All of this information, as well as supplemental research, informs the drafting of the committee’s Concluding Observations, a report meant to issue recommendations and serve as the basis for the ongoing, consultative relationship between multilateral human rights mechanisms and national governments. F2G was part of a massive, early wave of shadow reporting by US civil society that persists today.
But why would frontline activists take time and raise money to bring their claims to a body of independent experts with no recognizable authority over the institutions responsible for the abuse and pain laid bare over the 100 days of the uprising? What utility, leverage, or opportunity does shadow reporting afford a movement like the one that coalesced in Ferguson?
An initial instinct is to look for the ways that advocates would use spaces like treaty body hearings to apply pressure on states, hoping to see a change in the state’s behavior. States generally do not prefer this kind of attention; mobilizing shame and raising awareness of abuse may, under certain circumstances, force them to bend to the power flexed by advocates and campaigners.
However, in interviews with F2G delegates, I did not encounter anyone who thought they would be able to sway US behavior in the areas of police violence or racial injustice. No one thought their UN appearance would change Wilson’s fate or produce a sea change in favor of reparations.
As Ferguson organizer Tara Thompson remarked, “So, if we’re really being honest about what I thought we would get, I thought we would get nothing—the same thing we’ve always gotten from the system that is built to murder us.”
Instead, as I conclude in an article recently published in Human Rights Quarterly, shadow reporting is a practice that has the potential to provide space for recognition and restoration that mobilizes law in the service of human dignity.
The answer offered by F2G delegates suggests that the shadow reporting process presents a unique opportunity for people and communities impacted by human rights abuse to have their grief and grievances acknowledged as legitimate and real by an official authority.
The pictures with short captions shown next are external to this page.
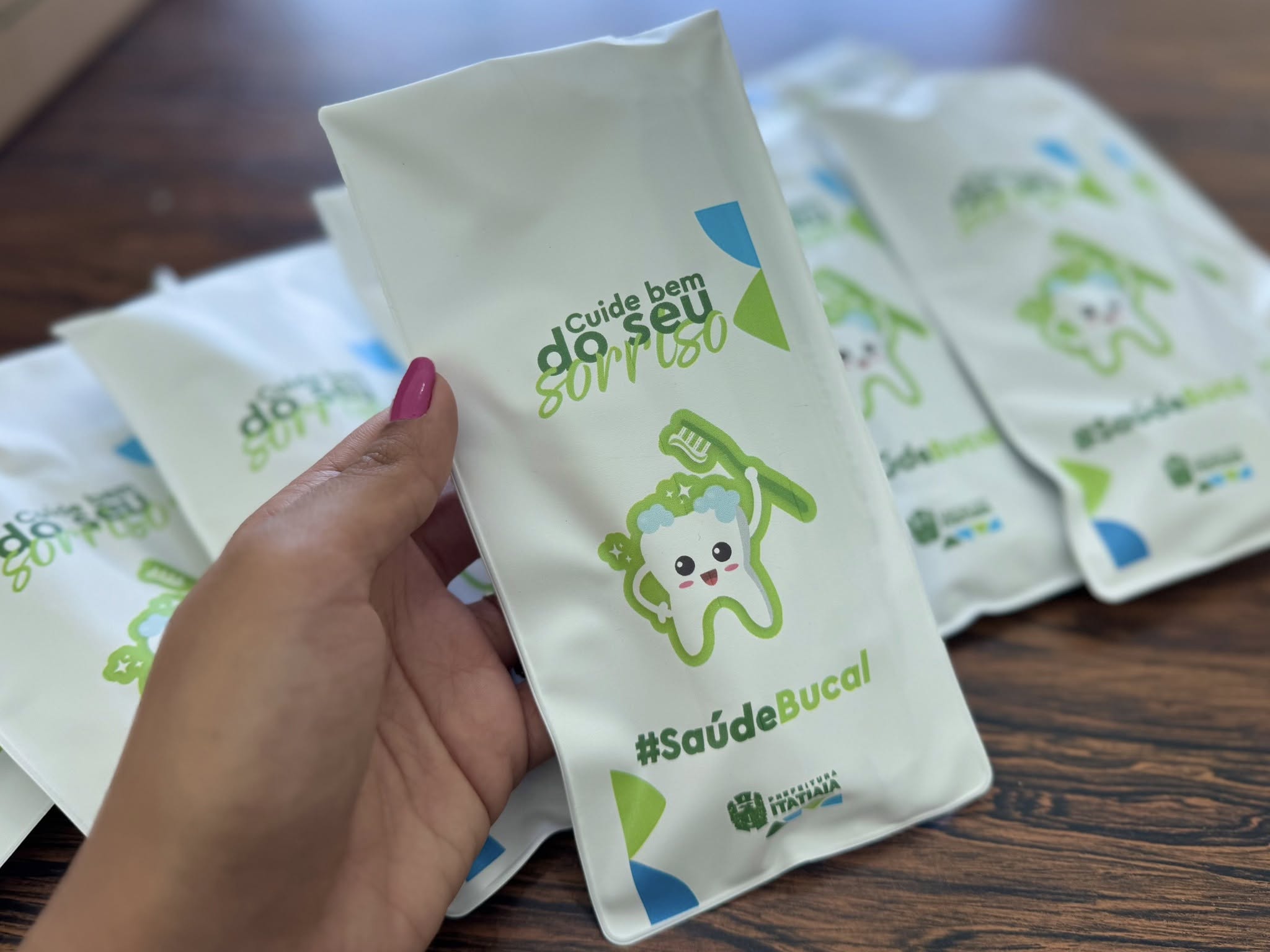 18.cf.res.cidades.itatiaia distribui kits odontológicos.2.distribuiÇÃo.redessociais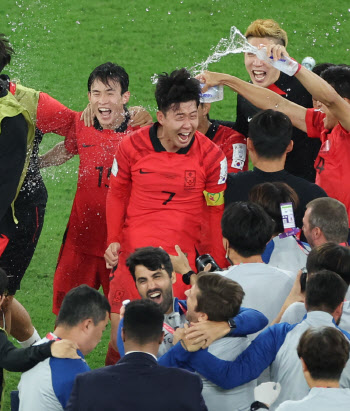 기적 이룬 한국 축구대표팀, 최강 브라질 상대 새 기적에 도전
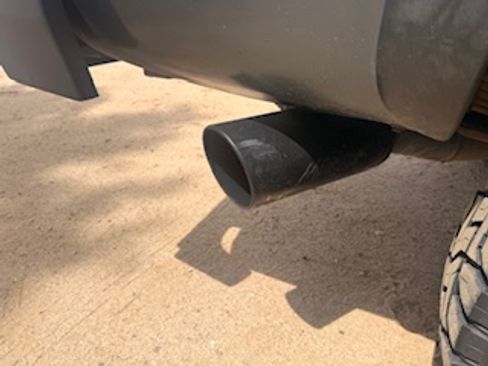 Used 2006 Chevrolet Silverado 3500 LT w/ Heavy-Duty Power Package image 13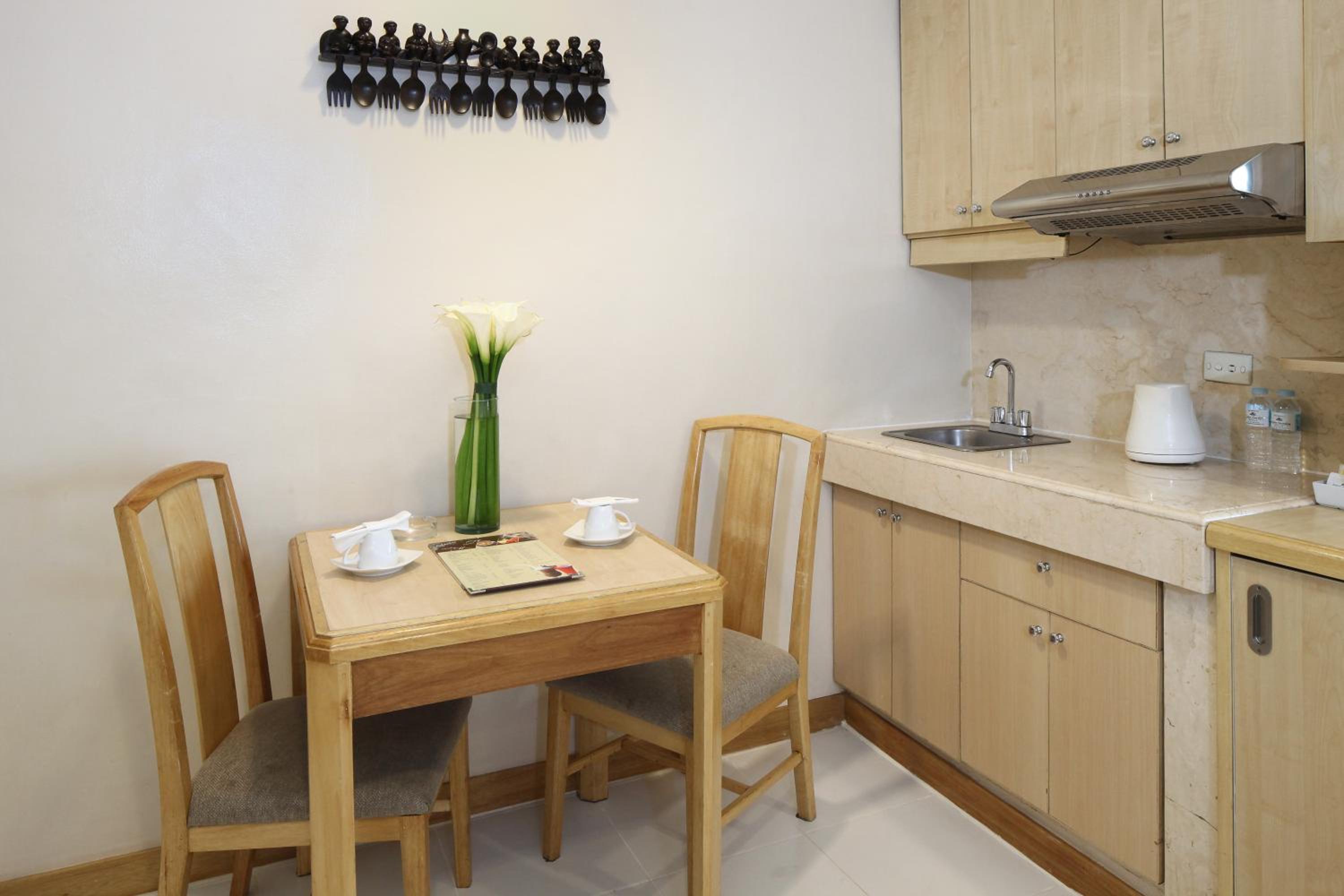 Deluxe Twin Room with Kitchenette  - Photo 4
Lezley McSpadden, Brown’s mother, spoke in the session for this purpose. Law professor, scholar, and activist Justin Hansford, prepared McSpadden for testimony and reported that “she had to go all the way to Geneva before she could find a place where she could tell her story before a group of officials and they respected her and they recognized her dignity.”
Meena Jagannath, delegation member and human rights lawyer, broadens this expression: “A forum like that has [the power to uplift] what the most disenfranchised people generally feel. They were able to reclaim that humanity in a public forum.”
And, yes, the arc of the universe is long and bends toward justice; every little bit counts as we march onward toward freedom, and we must continue to pressure states to do better. But we should take seriously that core and basic human rights values like dignity and respect, like the bare condition of being affirmed as a living human being, can be pursued and attained without state permission or acquiescence, without state will or capacity. Without demanding anything of the state nor expecting anything in return, people impacted by human rights abuse appear in pursuit of something historically denied.
Venues endowed with authority and status, especially those backed by a legal mandate, can serve restorative or even reparative functions by holding space for truth-telling and testimony. Treaty body reporting sessions, though never envisioned to occupy such a role, possess this capacity and can be a powerful context for the pursuit of a notion of justice that is personal and profound.